Start of Block
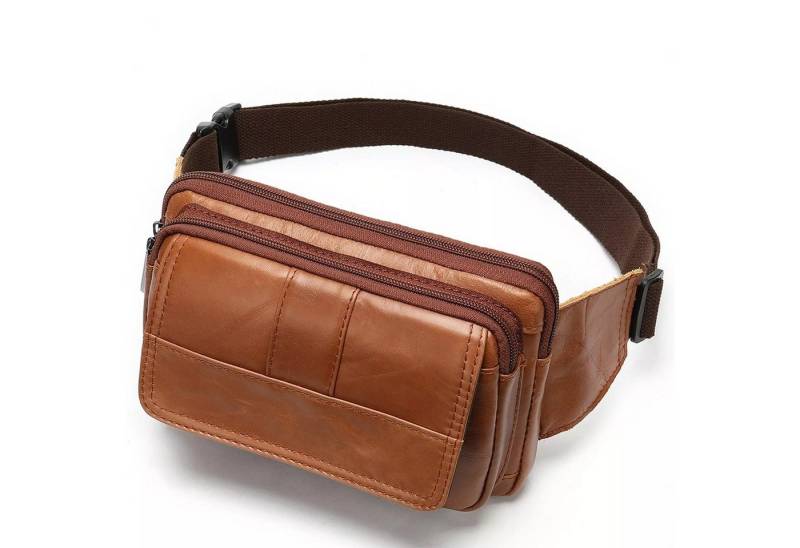 YUBRO-STUDIO Bauchtasche Herren Echtleder Bauchtasche Mehrere Taschen Verstellbarer Gurt von YUBRO-STUDIO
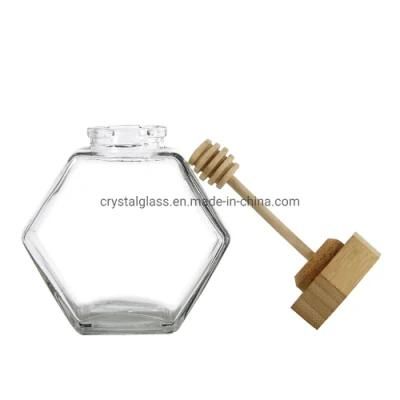 150g 250g 500g Bee Honey Packaging Hexagon Jar Type with Wooden Dipper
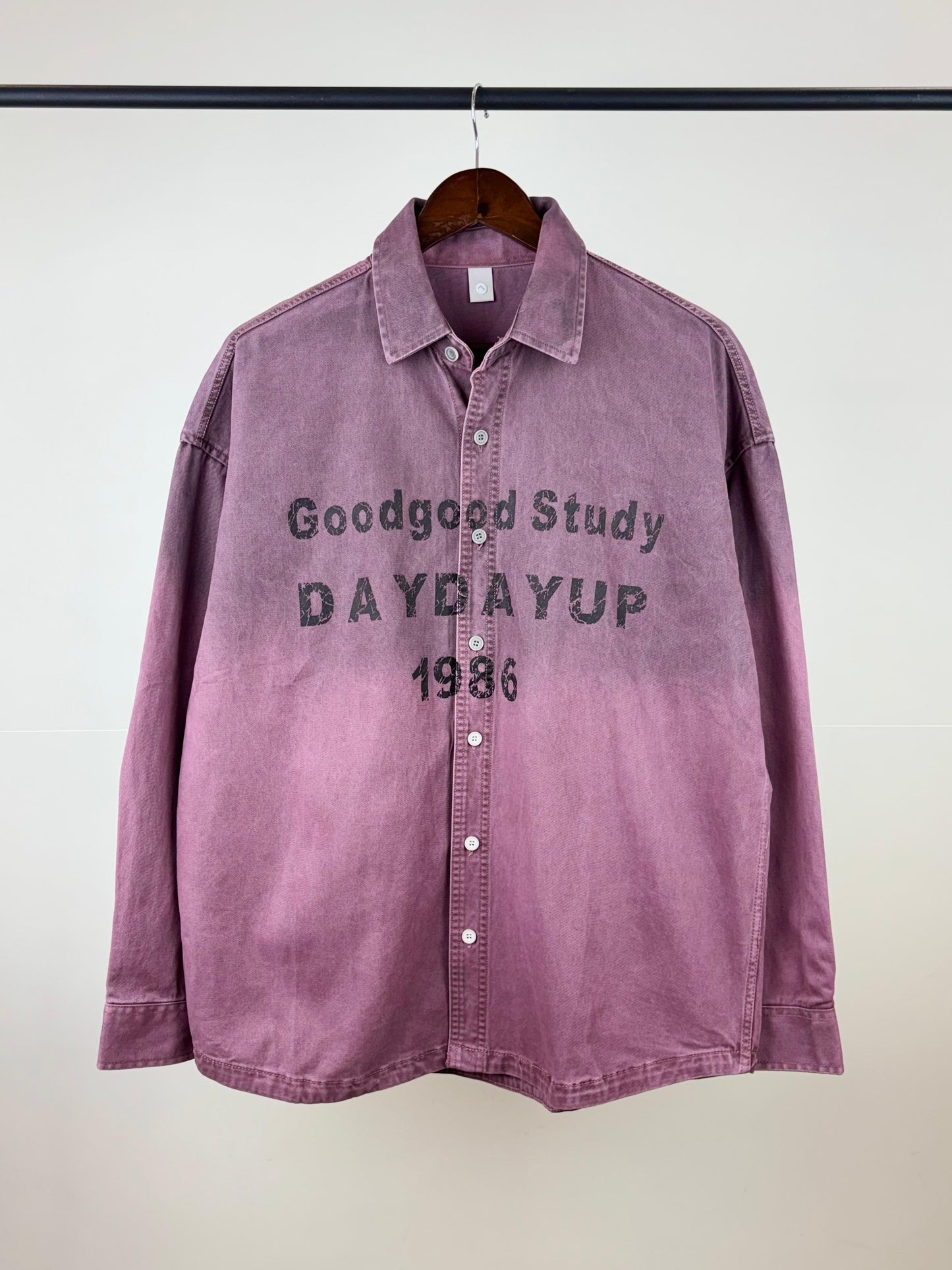 Goodgood Study Daydayup 1986 Wine Pink Dual Tone Full Sleeve Shacket 3658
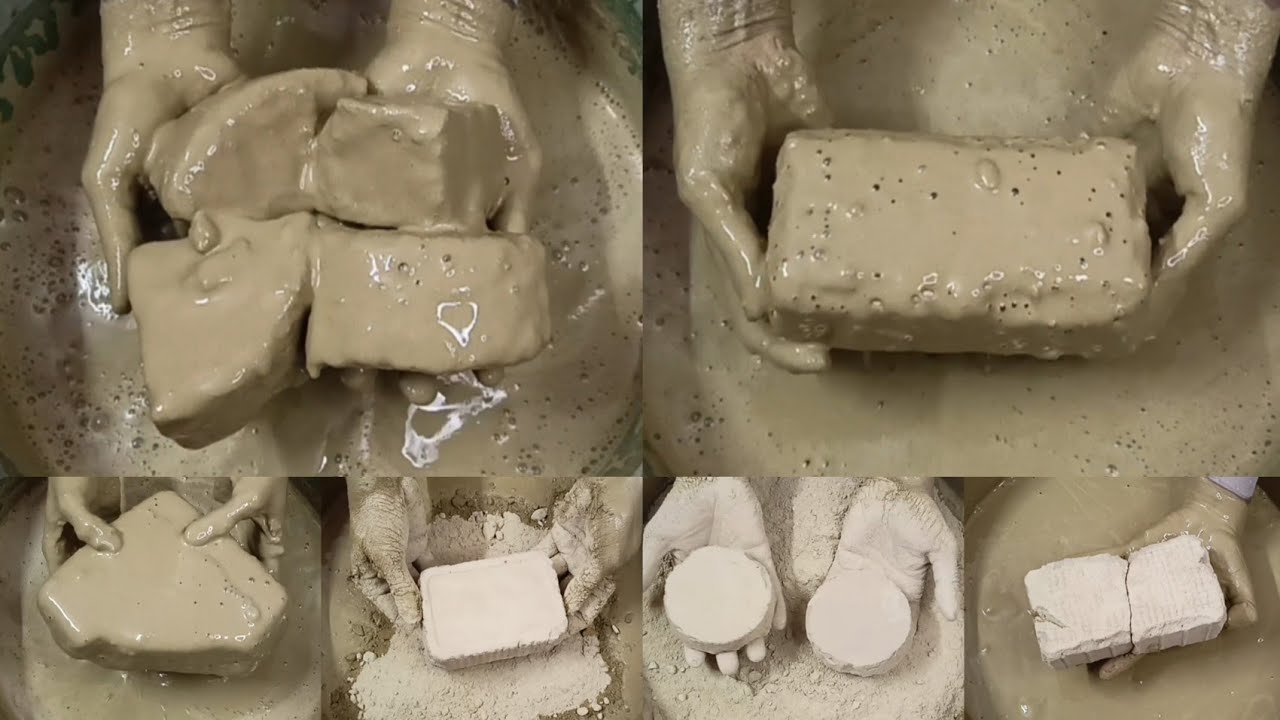 Earthy Multani Mitti Multiple Shapes Dipping+Crumbling in💦+on Paste & Paste Mixing/Playing ASMR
End of Block
## Exercise requirements
In the copy, include each line from the start of the material through the line with "Goodgood Study Daydayup", word for word, but none of the pictures.

## Task answer
 YUBRO-STUDIO Bauchtasche Herren Echtleder Bauchtasche Mehrere Taschen Verstellbarer Gurt von YUBRO-STUDIO
 150g 250g 500g Bee Honey Packaging Hexagon Jar Type with Wooden Dipper
 Goodgood Study Daydayup 1986 Wine Pink Dual Tone Full Sleeve Shacket 3658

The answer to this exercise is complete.